Aber Dynamo ist nicht die einzige Erstligamannschaft aus der ukrainischen Hauptstadt – der FC Arsenal Kyiv, ehemals als Armeeklub CSKA bekannt, und der von einer Brauerei unterstützte FC Obolon Kyiv mischen ebenfalls in der Eliteliga mit. Dynamo ist mit 13 Meisterschaften in der UdSSR der erfolgreichste Klub aus der ehemaligen Sowjetunion, hinzu kommen noch neun Pokalsiege. Nach der Unabhängigkeit der Ukraine sicherte sich Dynamo 13 der 21 seither ausgespielten Meisterschaften plus neun Pokal-Triumphe.
Dynamo war ursprünglich eine Mannschaft, die zum Großteil aus Mitarbeitern des sowjetischen Geheimdienstes bestand. Doch bald wurden auch namhafte Profis "transferiert" und der Klub nahm Ende der 1960er Jahre in der Sowjetunion eine sportliche Vormachtstellung ein. Victor Maslov war der erste Erfolgstrainer des Klubs, ihm folgte der legendäre Valeriy Lobanovskiy, der mit seinem Klub auch internationale Triumphe feiern konnte.
Dynamo gewann 1975 und 1986 den Pokal der Pokalsieger, 1977, 1987 und 1999 erreichte der Klub jeweils das Halbfinale im Pokal der europäischen Meistervereine, in der unabhängigen Ukraine war der Klub eine Klasse für sich. Dabei hatte der Klub in den Anfangsjahren noch im Schatten der Vereine aus Charkiw, Odessa und Lwiw gestanden.
Um 1900 brachten Fabrikarbeiter - vor allem Tschechen - den Fußball nach Kyiw.
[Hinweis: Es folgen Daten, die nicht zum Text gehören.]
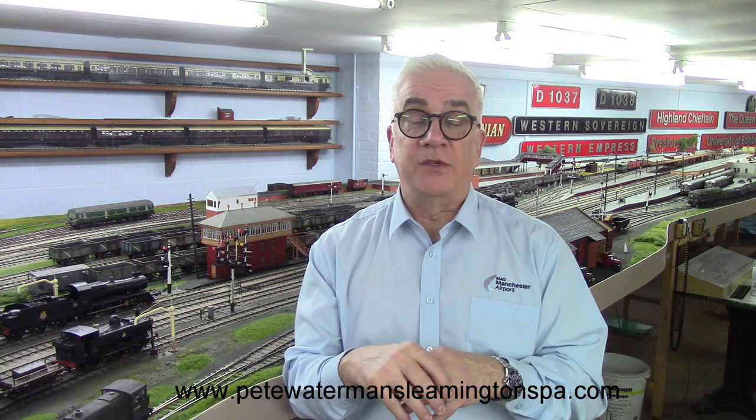If there's anything you guys see in either this video or previous videos that you'd like to have a look at again — whether it's scenery, infrastructure modeling, locos running, or rolling stock — please let me know via the contact page on the website or leave a comment on the YouTube channel and I'll make it happen. Anyone that wants to come and visit, please put a request in via the website and I'll sort it with Pete.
Die erste Mannschaft repräsentierte Greter und Krivanek, eine Maschinen- und Boiler-Fabrik im Westen der Stadt, und der erste Fußballplatz wurde dort erbaut, wo heute die Dovzhenko Film Studios stehen. Einen Durchbruch erlebte die Stadt 1934, als die Hauptstadt der sowjetischen Ukraine von Charkiw nach Kyiw verlegt wurde.
Bekannte Namen
Unzählige Fußballstars der Ukraine stammen aus Kyiw, darunter auch die beiden Fußballer Europas: Oleh Blokhin (1975) und Andriy Shevchenko (2004). Oleksiy Mykhailychenko, Viktor Kanevskiy und Anatoliy Byshovets sind ebenfalls international bekannt, doch die herausragende Persönlichkeit ist ohne Zweifel Lobanovskiy, der mit Dynamo acht sowjetische Meisterschaften, fünf ukrainische Titel und 1975 und 1986 den Pokal der Pokalsieger gewann. Nach seinem Tod im Jahre 2002 erwiesen ihm Tausende von trauernden Fußballfans die letzte Ehre auf seinem Weg zum Baykove-Friedhof.
Andere Sportarten
Nicht nur der Fußball sorgt in der ukrainischen Hauptstadt für Schlagzeilen. Die Frauen-Handballmannschaft von Spartak Kyiv gewann zwischen 1969 und 1988 insgesamt 20 Mal in Folge die sowjetische Meisterschaft. Turner Borys Shakhlin holte sieben olympische Goldmedaillen, seine Turnkollegin Larysa Latynina neun. Sie wurden zwar nicht in Kyiw geboren, zogen aber früh hierher, ebenso wie Sprinter Valeriy Borzov, der bei den Olympischen Spielen in München 1972 Gold über 100 und 200 Meter gewann. Kyiw ist auch die Heimat des zweifachen Stanley-Cup-Siegers Ruslan Fedotenko.
Hätten Sie es gewusst?
Dynamo war die erste Mannschaft aus der Sowjetunion, die einen europäischen Titel gewinnen konnte - 1975 den Pokal der Pokalsieger.